Mengutip cnnindonesia.com, PP 99/2012 tentang Syarat dan Tata Cara Pelaksanaan Hak Warga Binaan itu sendiri memperketat pemberian remisi kepada narapidana tiga jenis kejahatan luar biasa (extraordinary crimes), yakni narkoba, korupsi, dan terorisme.
“Putusan: Kabul HUM (Hak Uji Materiil),” demikian bunyi putusan yang telah dibenarkan oleh Juru Bicara MA, Andi Samsan Nganro.
Putusan itu menindaklanjuti uji materi yang dilayangkan oleh Subowo dan empat orang lainnya yang merupakan kepala desa serta warga binaan Lembaga Pemasyarakatan (Lapas) Klas I Sukamiskin, Bandung.
Perkara nomor: 28 P/HUM/2021 itu diputus pada 28 Oktober 2021. Adapun susunan majelis yang menangani uji materi yaitu hakim ketua Supandi dengan hakim anggota masing-masing Yodi Martono Wahyunadi dan Is Sudaryono.
Dalam pertimbangannya, hakim berujar bahwa fungsi pemidanaan tidak lagi sekadar memenjarakan pelaku agar jera, akan tetapi usaha rehabilitasi dan reintegrasi sosial yang sejalan dengan model restorative justice (model hukum yang memperbaiki).
Narapidana, menurut hakim, bukan saja objek melainkan juga subjek yang tidak berbeda dengan manusia lainnya– sewaktu-waktu dapat khilaf dan dikenakan pidana sehingga tidak harus diberantas. Namun, yang harus diberantas adalah faktor-faktor yang menyebabkan narapidana berbuat hal-hal yang bertentangan dengan hukum.
Berdasarkan filosofi pemasyarakatan tersebut, maka rumusan norma yang terdapat di dalam peraturan pelaksana UU Nomor 12 Tahun 1995 sebagai aturan teknis pelaksana harus mempunyai semangat yang sebangun dengan filosofi pemasyarakatan yakni memperkuat rehabilitasi dan reintegrasi sosial serta konsep restorative justice.

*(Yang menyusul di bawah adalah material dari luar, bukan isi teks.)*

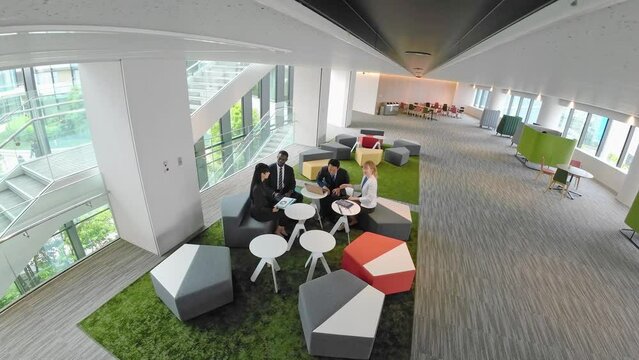 Aerial view of people in a meeting in the lobby from a surveillance camera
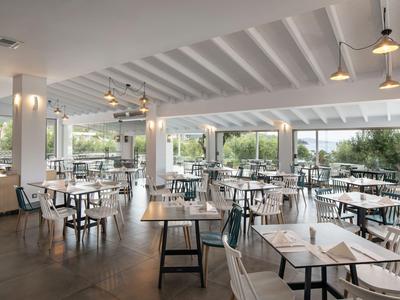 Modernes Restaurant mit weißen Tischen und Stühlen, großer Fensterfront und Blick ins Grüne.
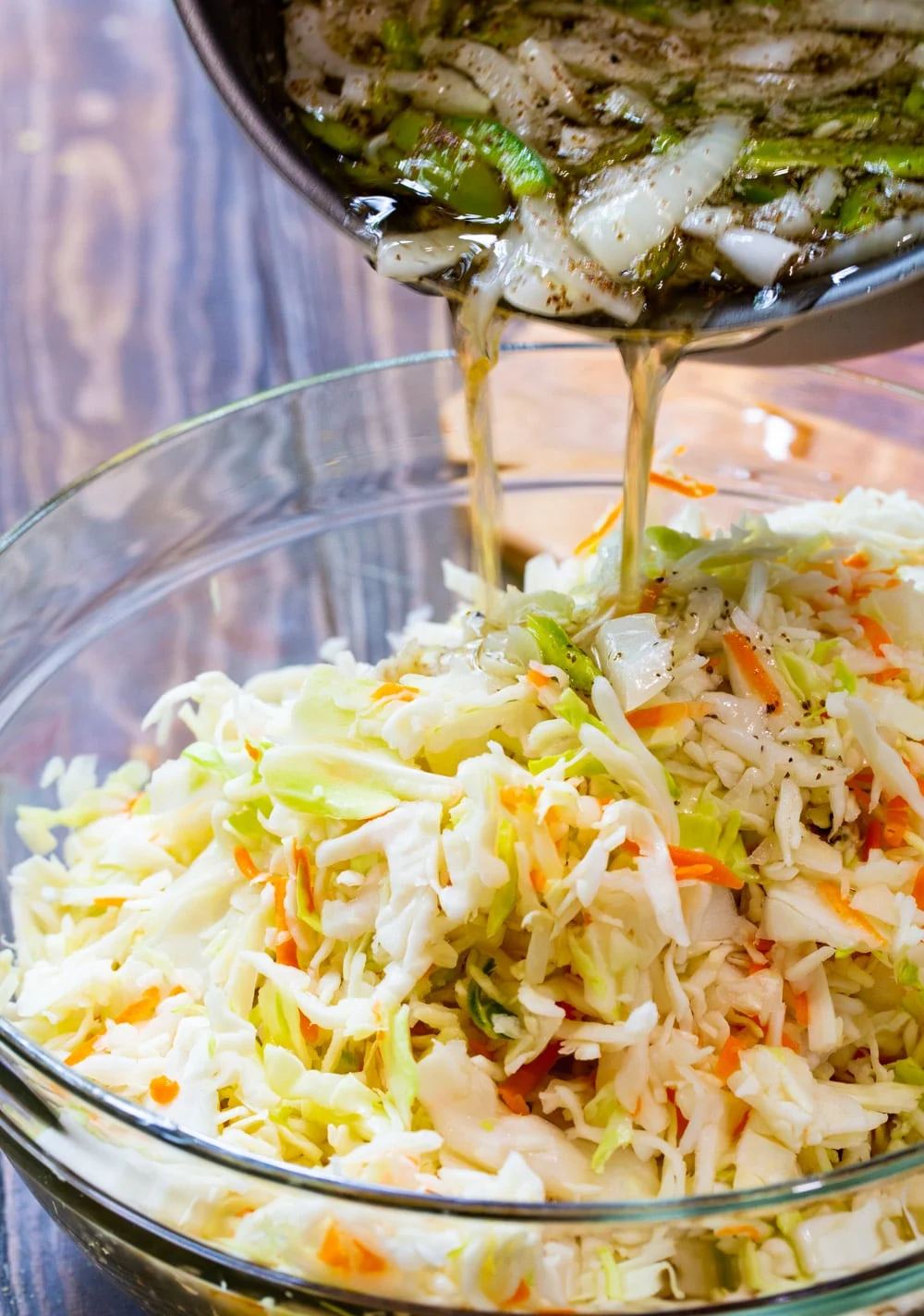 Vinegar mixture getting poured into bowl with cabbage.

“Berkaitan dengan hal tersebut, maka sejatinya hak untuk mendapatkan remisi harus diberikan tanpa terkecuali yang artinya berlaku sama bagi semua warga binaan untuk mendapatkan hak-nya secara sama, kecuali dicabut berdasarkan putusan pengadilan,” kata hakim.
Hakim mengatakan persyaratan mendapat remisi tidak boleh bersifat membeda-bedakan. Adapun syarat-syarat tambahan di luar syarat pokok remisi terhadap narapidana semestinya dapat dikonstruksikan sebagai bentuk reward berupa pemberian hak remisi tambahan di luar hak hukum yang telah diberikan.
“Kewenangan untuk memberikan remisi adalah menjadi otoritas penuh lembaga pemasyarakatan yang dalam tugas pembinaan terhadap warga binaannya tidak bisa diintervensi oleh lembaga lain apalagi bentuk campur tangan yang justru akan bertolak belakang dengan pembinaan warga binaan,” ucap hakim.
Dalam putusan perkara itu, hakim menyatakan remisi dapat diberikan kepada warga binaan yang sudah mengembalikan kerugian keuangan negara dan warga binaan yang tidak menunjukkan perilaku yang bertentangan dengan tujuan pembinaan.
Uji materi ini menyasar Pasal 34 A ayat (1) huruf (a) dan b, Pasal 34A ayat (3), dan Pasal 43A ayat (1) huruf (a), Pasal 43A ayat (3) PP Nomor 99 Tahun 2012 tentang Perubahan Kedua atas PP Nomor 32 Tahun 1999 tentang Syarat dan Tata Cara Pelaksanaan Hak Warga Binaan Pemasyarakatan terhadap UU Nomor 12 Tahun 1995 tentang Pemasyarakatan.
Dengan dicabutnya pasal di atas oleh MA, maka pemberian remisi kembali merujuk pada PP 32/1999 tentang Syarat dan Tata Cara Pelaksanaan Hak Warga Binaan Pemasyarakatan jo PP Nomor 28 Tahun 2006, dengan tidak memandang jenis kejahatan yang dilakukan.
Syarat pemberian remisi bagi semua napi itu antara lain berbuat jasa kepada negara, melakukan perbuatan yang bermanfaat bagi negara atau kemanusiaan; atau melakukan perbuatan yang membantu kegiatan Lapas.